I am pleased to have the opportunity to participate in today's debate on Bill C-26, the tougher penalties for child predators act. Today I am going to focus the bulk of my remarks on the part of Bill C-26 that creates higher penalties for breaches of supervision orders. However, I want to devote a few moments on the other key features of this initiative.
I am a father of three children, and as such, it is important to me to highlight the end goal of Bill C-26: deterring child predators and focusing on the seriousness of child sexual offences. One way we can achieve that is through higher mandatory minimum penalties and higher maximums.
However, one of the reasons I am supporting Bill C-26 is that the amendments also clarify and codify the use of consecutive sentences in child sexual abuse cases. This would ensure not only consistency in application of the law but also justice for each life devastated by an offender's sexual abuse.

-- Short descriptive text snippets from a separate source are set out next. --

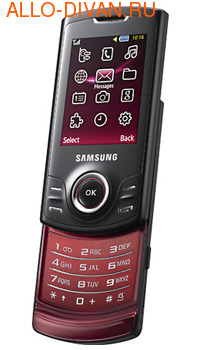 Samsung GT-S5200, Red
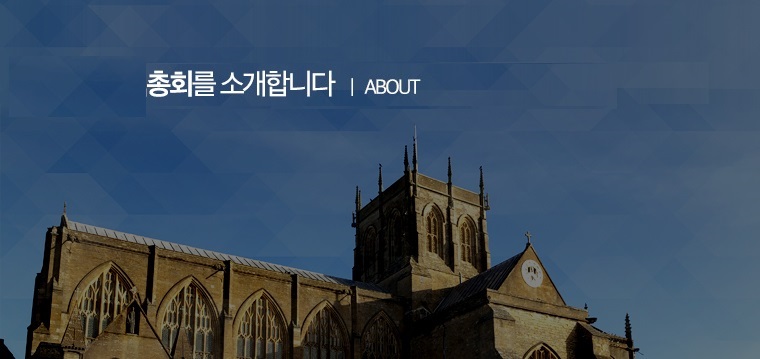 c총회를 소개합니다.jpg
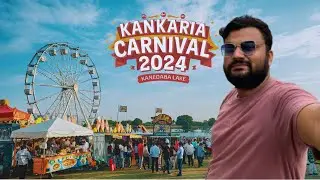 kankaria carnival 2024 ahmedabad | Drone show | laser light show | Ahmedabad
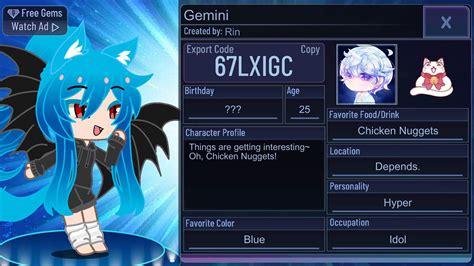 Gemini Wiki Lunimeamino Amino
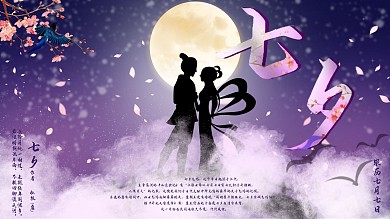 原创粉紫浪漫七夕海报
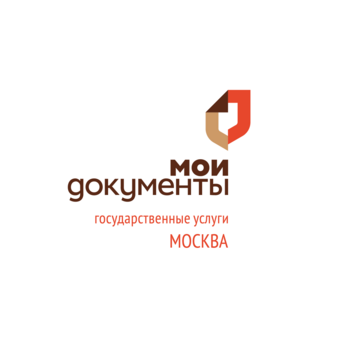 ГБУ МФЦ города Москвы Мои документы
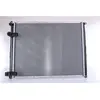 NISSENS Radiateur moteur (Ref: 63943A)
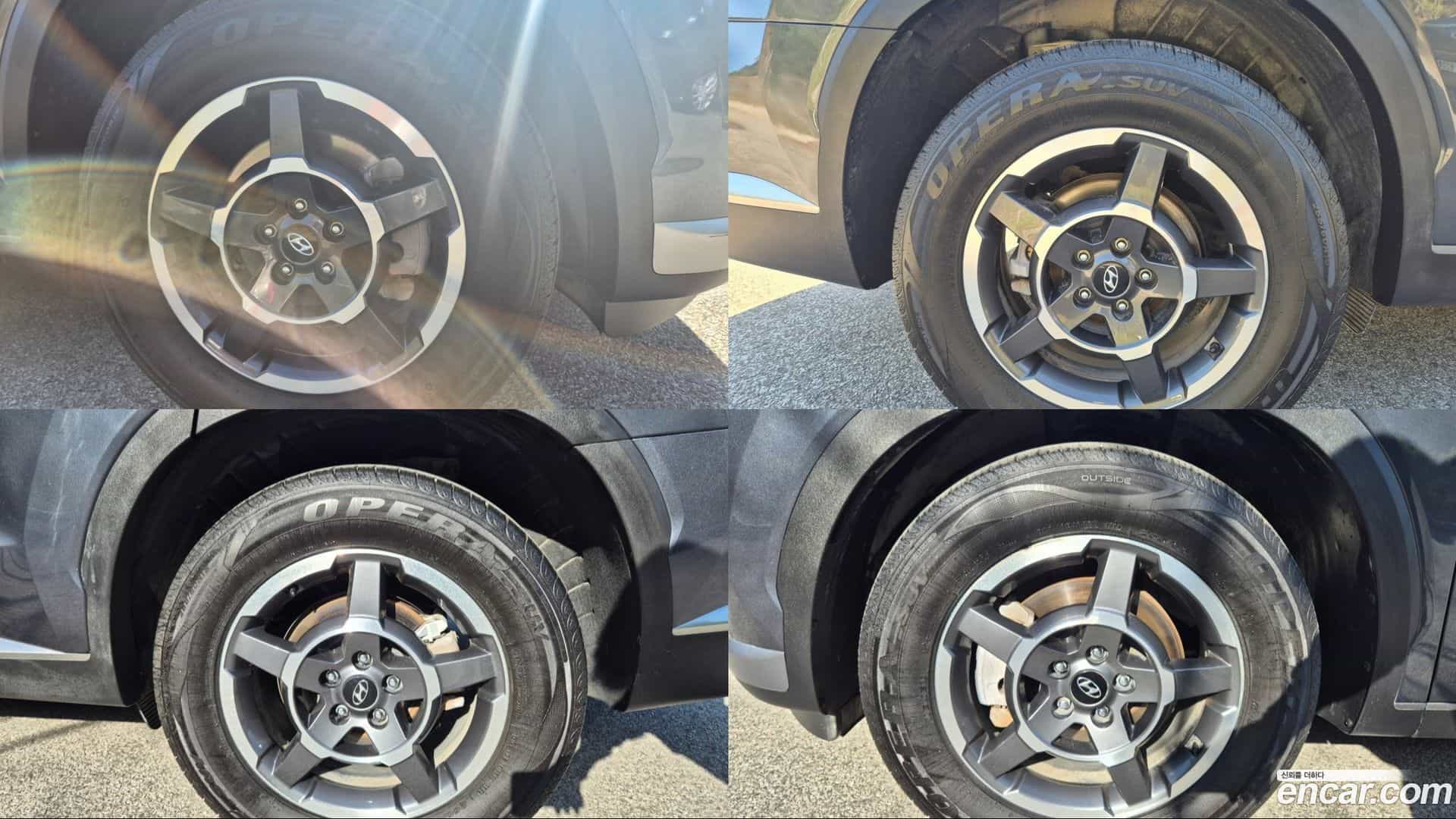 Palisade Hyundai 2023.2-OPTION-023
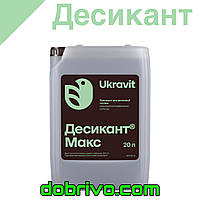 Купить Десикант Макс 20 л, (Дикват дибромид 300 г/л)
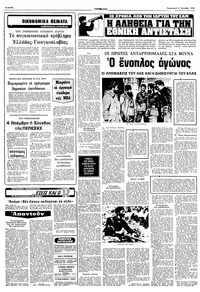 Σελίδα 6 / 10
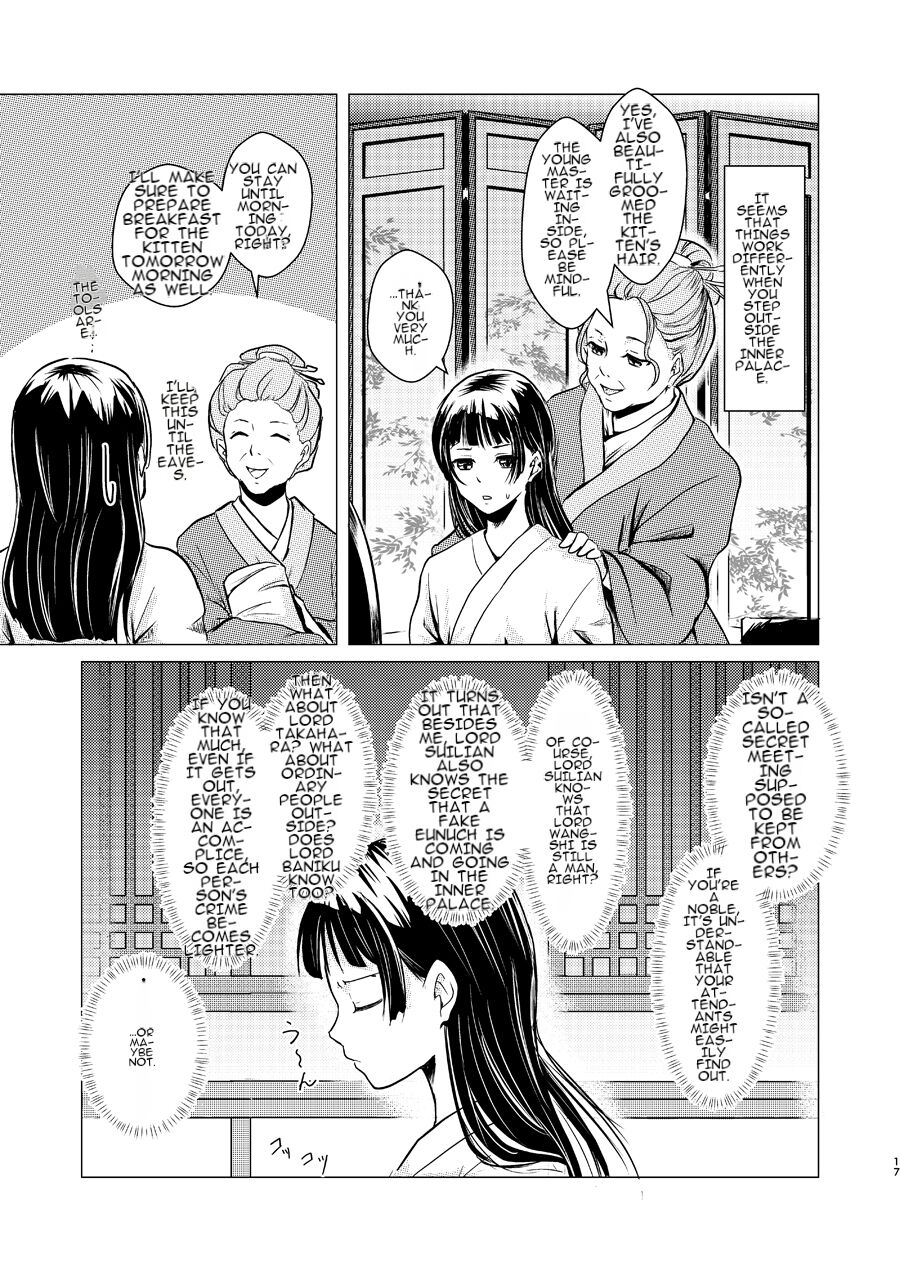 Himegoto - Page 17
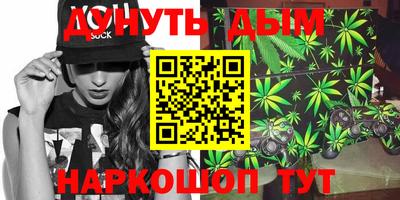мдма Балаково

The amendments to supervision orders in this bill are yet another facet of this criminal law initiative that would strengthen the protection of children from sexual predators.
Supervision orders empower judges to impose conditions on child sexual offenders or persons who might commit child sexual offences. There are various orders a court can use to ensure the supervision of the offender in the community. These orders include probation orders, peace bonds, and prohibition orders. It is important to understand how each of these orders operates to fully grasp how they would achieve the underlying objective of Bill C-26. The underlying objective is to protect children from sexual predators.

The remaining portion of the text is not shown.